Certainly there have been dazzling women’s gymnasts who grab a lot of TV time as well, but by the nature of that sport the cast is always changing. Hardly any gymnast can stick around for three Olympic cycles.
But first in Beijing in 2008, then in London in 2012 and now in Rio in 2016, Phelps and Bolt have done the same two-step.
Phelps dominates the first week. Then Bolt takes over the second.
Their styles are very different. Phelps is more of a Michael Jordan, a relentless competitor whose sustained excellence inspires awe more than anything else. Until these Olympics, when he opened himself up a little more, Phelps mostly isolated himself with headphones before races. He has always been at his best racing when he drowns out the rest of the world.
Bolt is more of a Charles Barkley, a dazzling entertainer as well as an incredible athlete who is willing and able to take the crowd along for every ride. Before he kneels in the starting blocks, he dances and preens. Phelps smiles a lot after races, but rarely before. Bolt smiles before and after. He takes the world on his back in every race and yet doesn’t seem to feel the weight.
Who is the better Olympian of the two? I don’t think there’s any question it is Phelps, whose 23 Olympic gold medals and 28 overall medals will never be surpassed. Indeed, Phelps must rank as the greatest Olympian of all time.
Yes, Phelps has more chances at medals because swimming has more events that play into his strengths, but no one else has ever come close to doing what he’s done. At age 31, Phelps ended up with five golds and a silver in these Olympics, losing only once.

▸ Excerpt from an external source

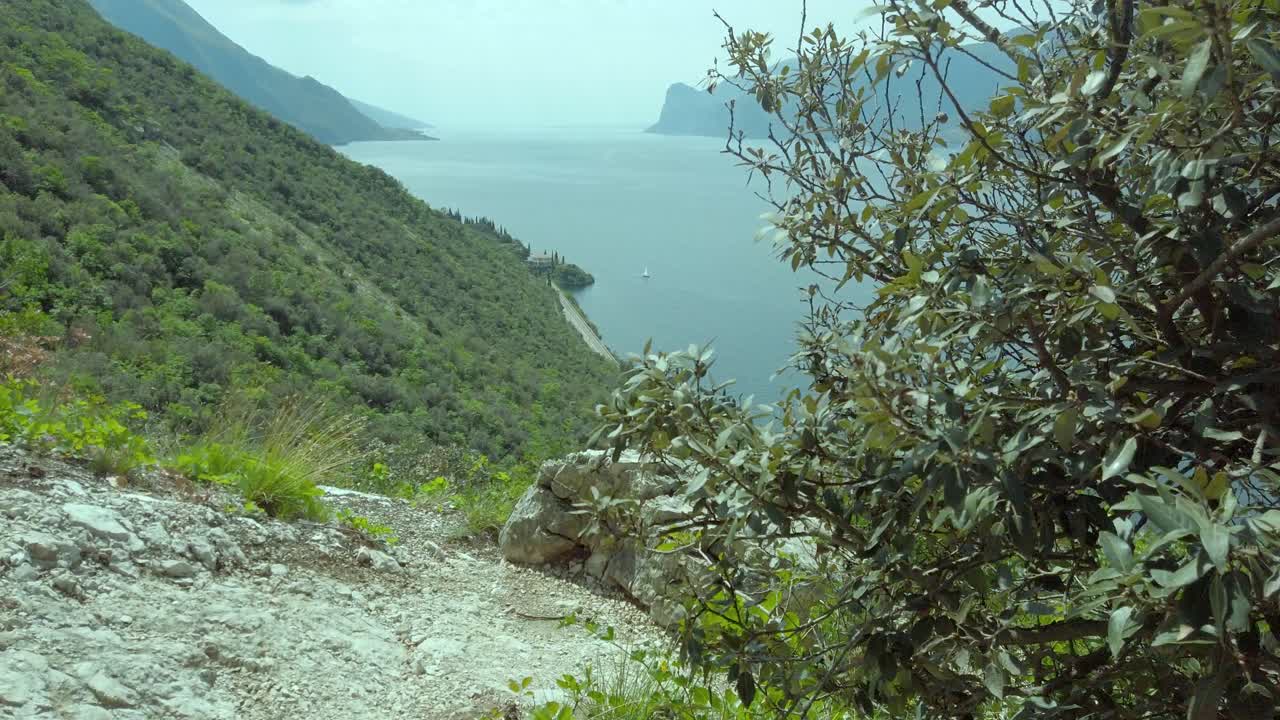Lago di Garda che si intravede dietro un cespuglio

Bolt may well be the most charismatic Olympian of all time, as well as its fastest man for three straight Olympic cycles. He hasn’t lost an Olympic final since 2008. Phelps does lose occasionally, but he also competes far more often.
Bolt’s victory over Justin Gatlin the 100 meters Sunday night was his third consecutive win at that distance, and that was supposed to be his hardest race. Bolt should blow away the field in the 200 on Thursday night.

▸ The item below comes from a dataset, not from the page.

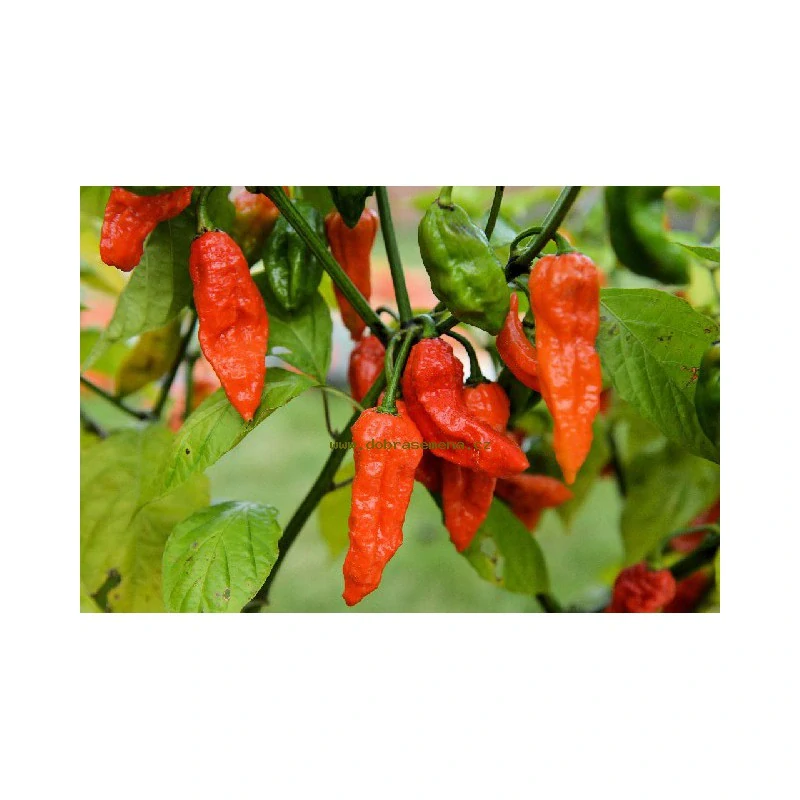 Chilli Bhut Jolokia Red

“I am always confident about the 200,” Bolt said early Monday after his win. “The 100 is always the hardest one for me.”
Then, if he and his Jamaican teammates can win the 4x100 relay Friday night, Bolt will realize his goal of a “triple-triple” — winning gold in the 100, 200 and relay for three straight Olympics.
Both men claim that this will be their last Olympics.
I don’t believe it with Phelps — he has retired and unretired before. I’m not sure what to believe with Bolt. Phelps is 31, while Bolt will turn 30 this week. The sprinter is committed to running through the 2017 world championships and then will supposedly retire, although I could certainly see him running at least the 200 in Tokyo in 2020.
There have been other fantastic Olympic swimmers and sprinters before these two men, of course. Mark Spitz won seven gold medals in swimming in 1972. Then he retired at age 22, which was customary at that time in the sport because there was so little money in it. Jesse Owens won four gold medals in Berlin in 1936, and no medals have ever been more symbolic since those Olympics were hosted by Adolf Hitler on the eve of World War II and Owens was African-American. But again, Owens competed in only one Olympics.
After Phelps finished his last race of this meet Saturday night, winning gold with another relay team, his longtime coach Bob Bowman offered the opinion that Phelps was not a “once-in-a-generation” swimmer but more like a “once-in-10-generations” swimmer.
I think you could say the same thing about Bolt. His world records in individual events will be broken at some point, but I’m not sure we will ever see another sprinter who is so joyous and so intent on making everyone around him that way as well.
Early Monday morning, Bolt described after winning the 100 a recurring dream he has been having where he is being chased.
“It is always that same dream every now and then,” he said, “but it is a good dream because they never catch me.”
They aren’t going to catch him in Rio, either, just like they couldn’t catch Phelps. As for those of us watching, it is wise to appreciate them now and catch them both while we still can.
We will never see the likes of either one of them again.